With the PCB installed upside down it is going to ground the PCB output instead.    This may or may not be an issue depending on the circuit it's used with.


----------



## joelorigo (May 6, 2021)

Understood. I will revive this thread on my next PedalPCB project and see if it will work or not. Thanks!


----------



## guitarfreak2105 (May 6, 2021)

Desolder wick works very well for this application. Better to do it right than to Jerry rig it and have issues. 

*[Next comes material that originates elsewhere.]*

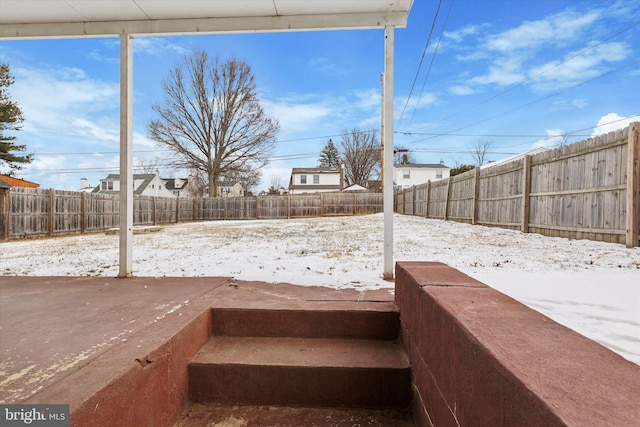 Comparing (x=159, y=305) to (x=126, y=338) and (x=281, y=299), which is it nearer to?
(x=126, y=338)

When I first started soldering I was also horrible at desoldering even with wick. A couple of tips 1) use relatively thin desolder wick for these small parts. Too thick and it could not heat up enough to work efficiently.  2) use a high-quality iron that gets hot enough (I find 750° works well) 3) Some of those switches and other components can be sensitive. Try not to heat them up for more than 3-5 seconds at a time. Work fast. Even more reason to be using a good iron and the right tip for the job. 

Good luck.


----------



## Mcknib (May 6, 2021)

What circuit are you using it with


----------



## joelorigo (May 6, 2021)

Actually I did this a few months ago. I had more breakout boards and foot switches so I just put this aside and used other ones. I found this in my box of parts because I am now building a Betty Boost. I have no plans at the moment for any builds but was hoping I could still use the switch in the future.


----------



## Mcknib (May 6, 2021)

joelorigo said:


> Actually I did this a few months ago. I had more breakout boards and foot switches so I just put this aside and used other ones. I found this in my box of parts because I am now building a Betty Boost. I have no plans at the moment for any builds but was hoping I could still use the switch in the future.

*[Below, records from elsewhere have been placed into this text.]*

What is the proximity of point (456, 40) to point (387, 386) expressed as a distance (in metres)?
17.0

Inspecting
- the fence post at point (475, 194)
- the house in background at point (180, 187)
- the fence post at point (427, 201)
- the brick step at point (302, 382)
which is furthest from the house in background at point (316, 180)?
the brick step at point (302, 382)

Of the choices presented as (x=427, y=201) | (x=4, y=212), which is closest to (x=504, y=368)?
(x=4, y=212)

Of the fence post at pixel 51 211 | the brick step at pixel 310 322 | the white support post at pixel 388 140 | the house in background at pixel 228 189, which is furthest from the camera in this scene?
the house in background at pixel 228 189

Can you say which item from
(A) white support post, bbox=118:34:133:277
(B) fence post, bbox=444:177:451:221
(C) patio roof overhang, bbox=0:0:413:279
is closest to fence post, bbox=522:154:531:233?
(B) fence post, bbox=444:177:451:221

Should be fine with a betty boost

The output grounded in bypass won't cause any problem as you know that vertical links just there to help with switch pop so there's a small chance you may get a pop but you've got the 1M at the input so should be ok

Tbh although it's good practice I never usually ground the input and I have on occasion accidentally grounded the output when distracted by somebody shouting chocolate! and never had a problem


----------



## joelorigo (May 6, 2021)

I already used another switch and breakout board for the Betty Boost. But I'll keep this around for whatever I do next.


----------



## turntablemonkey (May 7, 2021)

Ok so I had a similar experience with the daughterboard from the paragon build. Soldered it in upside down. So I wired it up with wires but the switch was turning on the opposite side of the effect. I had accidentally wired it backwards. Ordered another paragon pcb aaaaand I did it again. Luckily I had only soldered a few lugs before I realized my mistake. Was able to use a solder sucker to remove the majority of the solder and then heating random lugs while wiggling the switches and I was home free.


----------



## Gordo (May 7, 2021)

Or just flip input and output, so wire the entire board upside down.


----------



## joelorigo (May 7, 2021)

What about the Blender project? I've been interested in this one for a while.
https://docs.pedalpcb.com/project/Blender.pdfCould I use my mistake switch & board assembly as shown in the in the diagram? Or should I reverse the wiring?


----------



## joelorigo (May 11, 2021)

Just bumping this


----------



## joelorigo (May 17, 2021)

Instead of the Blender I ordered the Kilimanjaro Fuzz PCB. 
Can I use the switch & board assembly as mistakenly assembled? Or should I reverse the wiring?








						Kilimanjaro Fuzz - PedalPCB.com
					

Compare to D*A*M FZ-673




					www.pedalpcb.com


----------



## Mcknib (May 17, 2021)

If you haven't already check the switch isn't heat damaged first

The only difference is your diagonal link is on the output side so output would be grounded in bypass mode instead of the input and I think your SW and GND would be flipped but you could continuity check to make sure check the coloured dots on the 3PDT board have continuity with their corresponding 3PDT lugs and the red links connect if they do wire it as shown below

Regardless of which way round you've soldered it to the board the actual switch still works the same way, as you know the in and out jacks are connected to the middle common row switched or thrown to the top row connects the in jack to the circuit input through the circuit to the output pad to the out jack also connecting your LED to ground turning it on, switched the other way middle common row connects to the bottom row your in jack connecting to jumpered lug along the jumper to the out jack bypassing the circuit at the same time disconnecting the LED ground and switching it off so the PCB being flipped from that point of view doesn't matter the middle row would still connect to the top or bottom row

You can reference the 3PDT board the right way round flip it and you'll see what I mean, using pictures always makes it easier for me!


----------